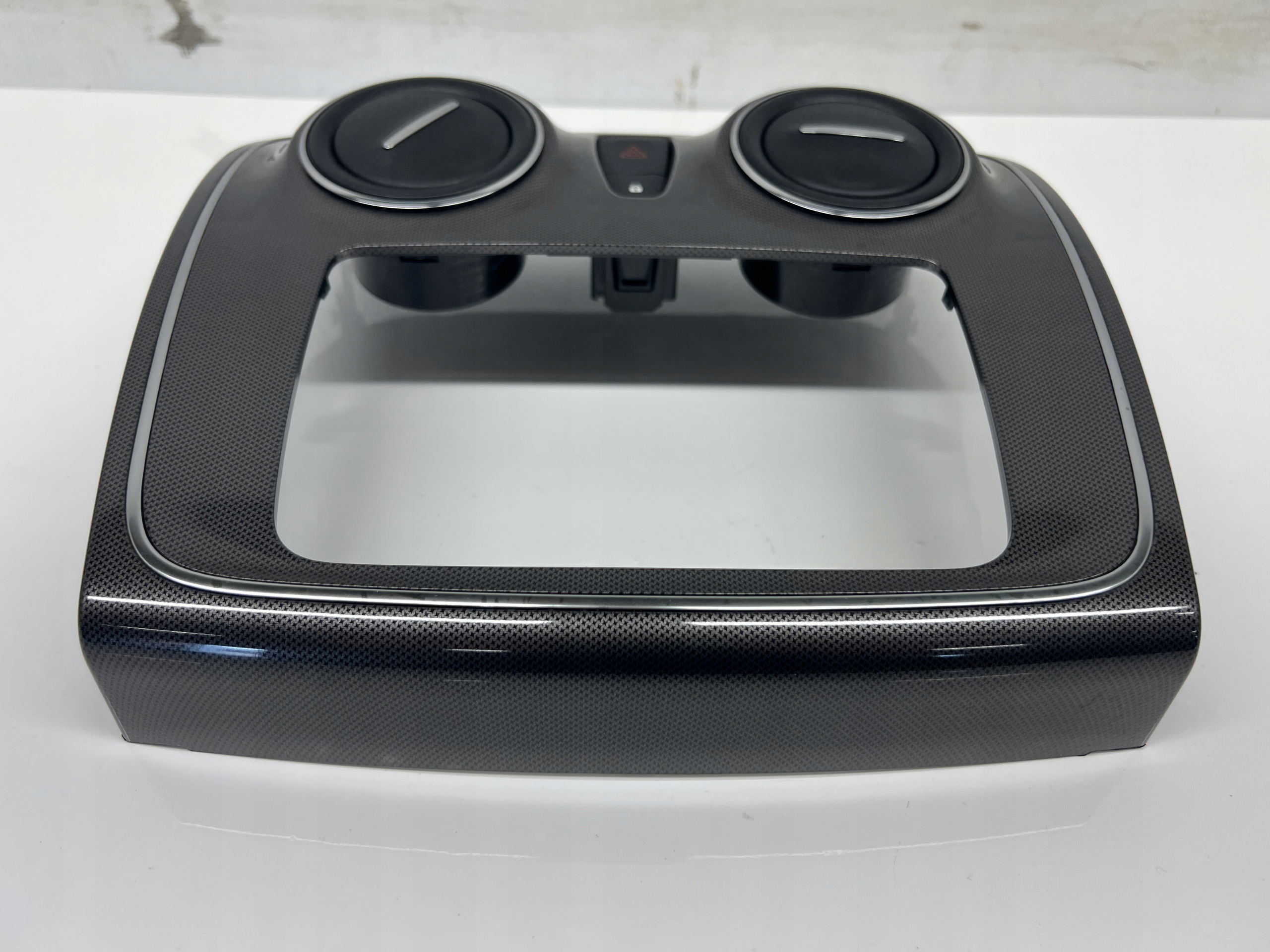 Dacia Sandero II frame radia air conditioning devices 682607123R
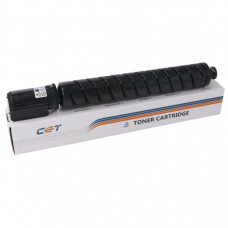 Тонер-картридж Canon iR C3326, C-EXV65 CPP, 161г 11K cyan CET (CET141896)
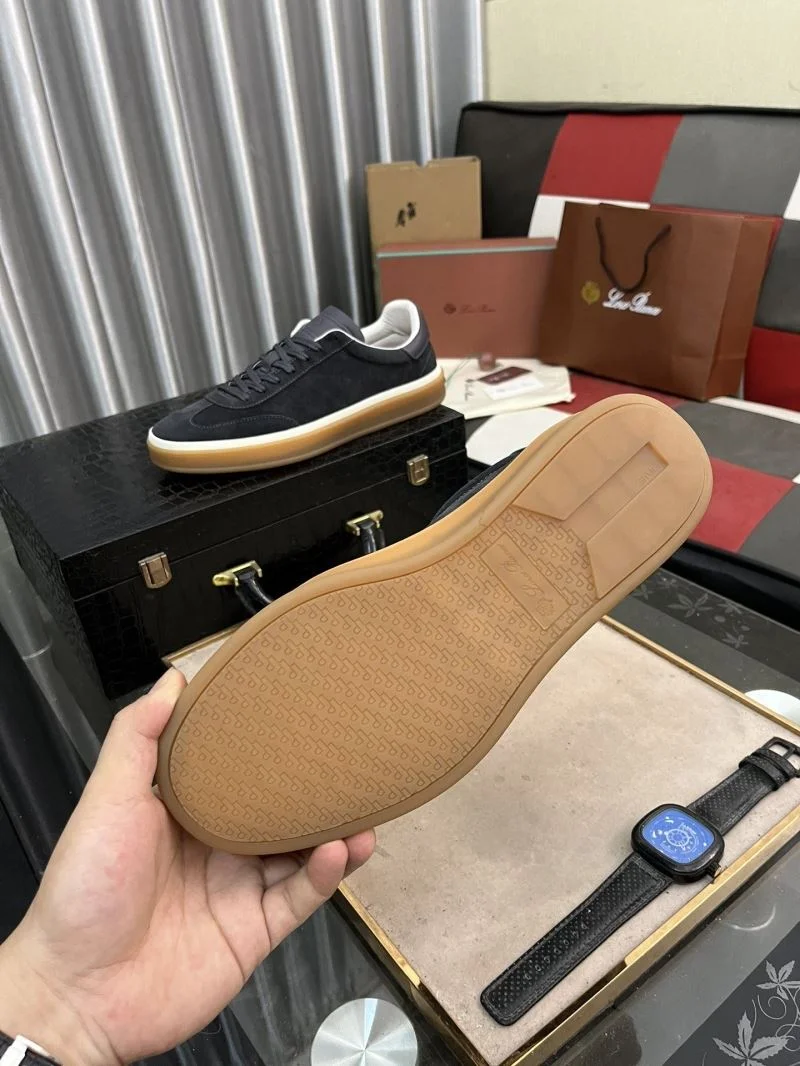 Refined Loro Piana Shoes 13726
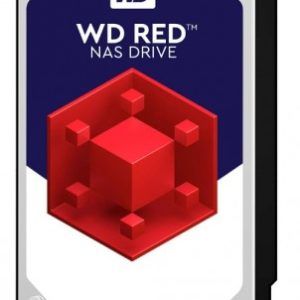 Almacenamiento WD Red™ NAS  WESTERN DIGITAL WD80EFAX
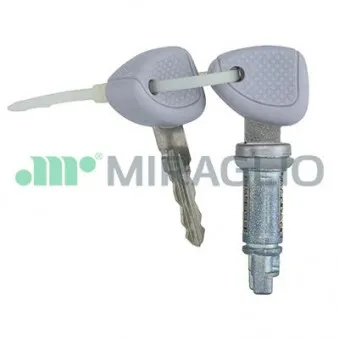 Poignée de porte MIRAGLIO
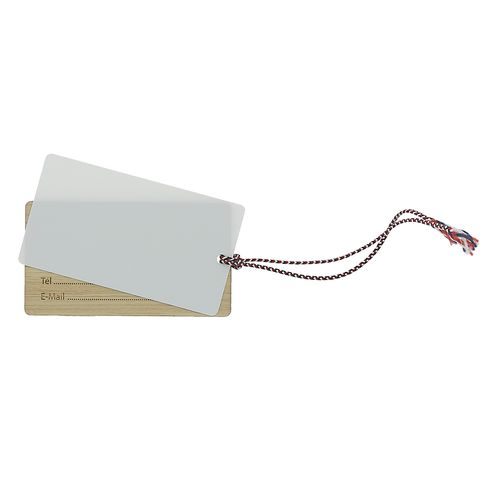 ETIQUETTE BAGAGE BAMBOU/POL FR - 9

* * *

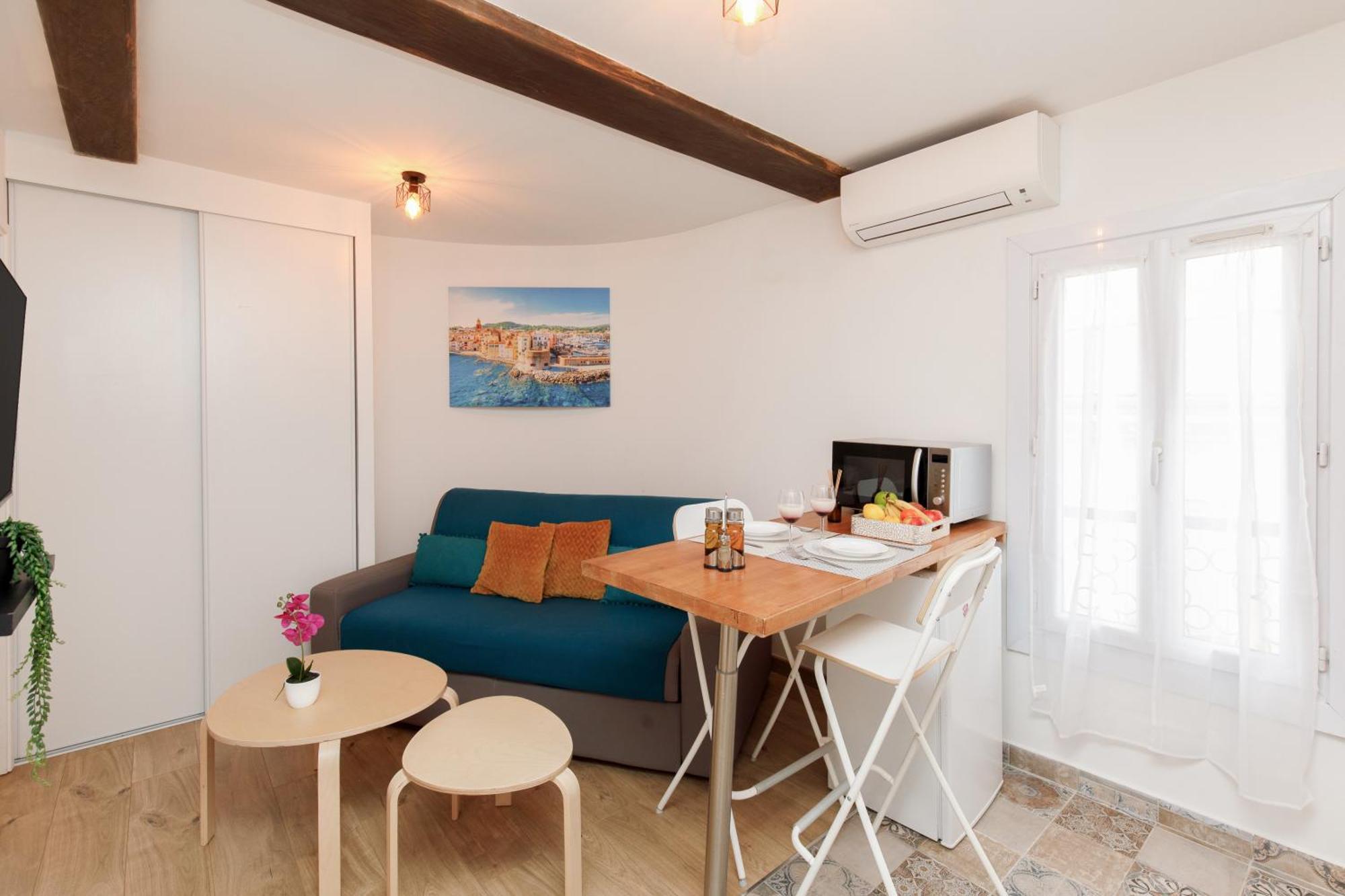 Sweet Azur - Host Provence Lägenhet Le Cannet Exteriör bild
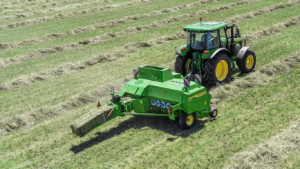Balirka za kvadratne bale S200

▶ What you are asked to do
Only the lines above starting with the line with "Refined Loro Piana Shoes 13726" and going on through the line with "ETIQUETTE BAGAGE BAMBOU/POL FR - 9" belong in the answer; repeat them exactly, minus any picture.

▶ Answer to the problem
 Refined Loro Piana Shoes 13726
 Almacenamiento WD Red™ NAS  WESTERN DIGITAL WD80EFAX
 Poignée de porte MIRAGLIO
 ETIQUETTE BAGAGE BAMBOU/POL FR - 9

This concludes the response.